# WHAT YOU NEED TO DO:
Below this line are records; write out exactly the lines from the one containing "Sáp vuốt tóc" through the one containing "Black Opal Necklace", with the pictures left out.

# DATA EXTRACT:
▼▼▼
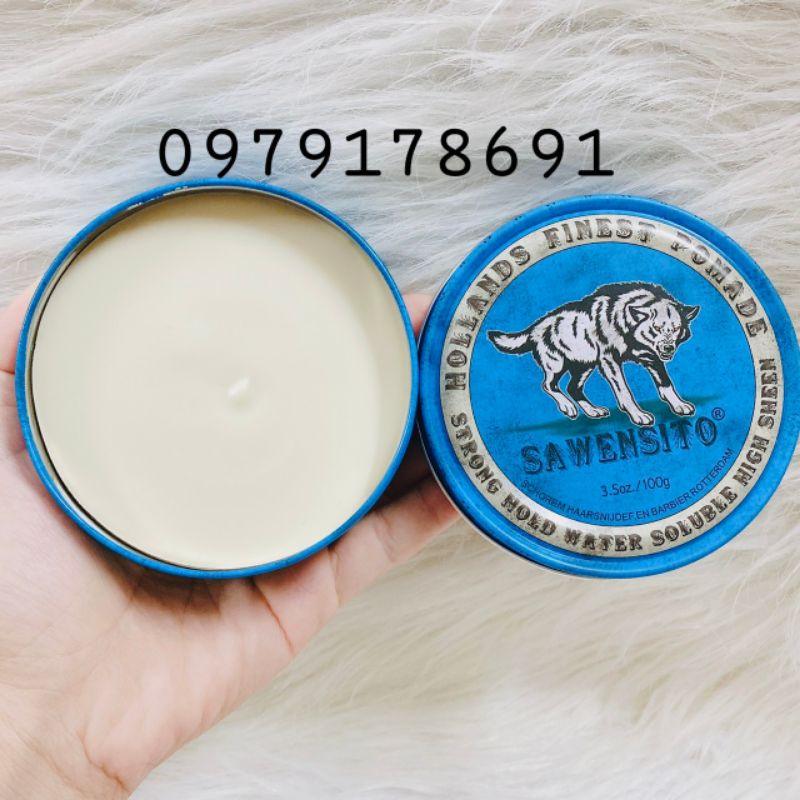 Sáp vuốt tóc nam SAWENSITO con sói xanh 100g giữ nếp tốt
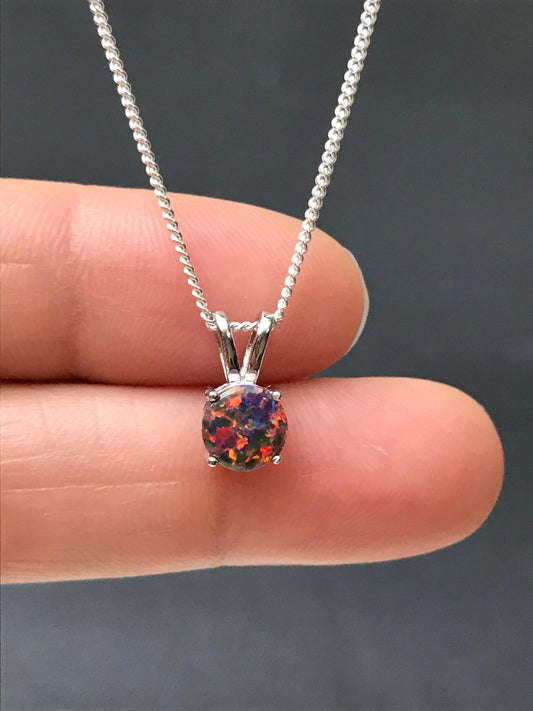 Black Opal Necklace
▲▲▲
▼▼▼
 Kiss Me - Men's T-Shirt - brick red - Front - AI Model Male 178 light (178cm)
▲▲▲
# SOLUTION TO THIS PROBLEM:
 Sáp vuốt tóc nam SAWENSITO con sói xanh 100g giữ nếp tốt
 Black Opal Necklace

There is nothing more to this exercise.